## [RECORDS FOR THE EXERCISE]
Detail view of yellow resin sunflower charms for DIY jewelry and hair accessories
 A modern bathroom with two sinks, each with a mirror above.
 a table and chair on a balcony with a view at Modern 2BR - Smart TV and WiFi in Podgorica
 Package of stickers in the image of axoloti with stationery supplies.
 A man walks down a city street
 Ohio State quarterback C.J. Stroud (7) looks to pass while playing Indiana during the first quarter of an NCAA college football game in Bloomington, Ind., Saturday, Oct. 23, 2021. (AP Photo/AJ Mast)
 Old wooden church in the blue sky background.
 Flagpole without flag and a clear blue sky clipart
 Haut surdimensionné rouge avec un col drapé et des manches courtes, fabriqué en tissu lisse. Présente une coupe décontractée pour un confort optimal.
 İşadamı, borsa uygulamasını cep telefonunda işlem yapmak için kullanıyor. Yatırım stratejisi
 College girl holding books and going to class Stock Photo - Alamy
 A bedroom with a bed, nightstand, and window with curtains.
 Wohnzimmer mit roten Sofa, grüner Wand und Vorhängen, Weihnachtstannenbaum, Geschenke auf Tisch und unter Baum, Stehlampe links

## [EXERCISE DIRECTIONS]
Return every line from the records above that holds the word "Photo".

## [WRITTEN SOLUTION]
 Ohio State quarterback C.J. Stroud (7) looks to pass while playing Indiana during the first quarter of an NCAA college football game in Bloomington, Ind., Saturday, Oct. 23, 2021. (AP Photo/AJ Mast)
 College girl holding books and going to class Stock Photo - Alamy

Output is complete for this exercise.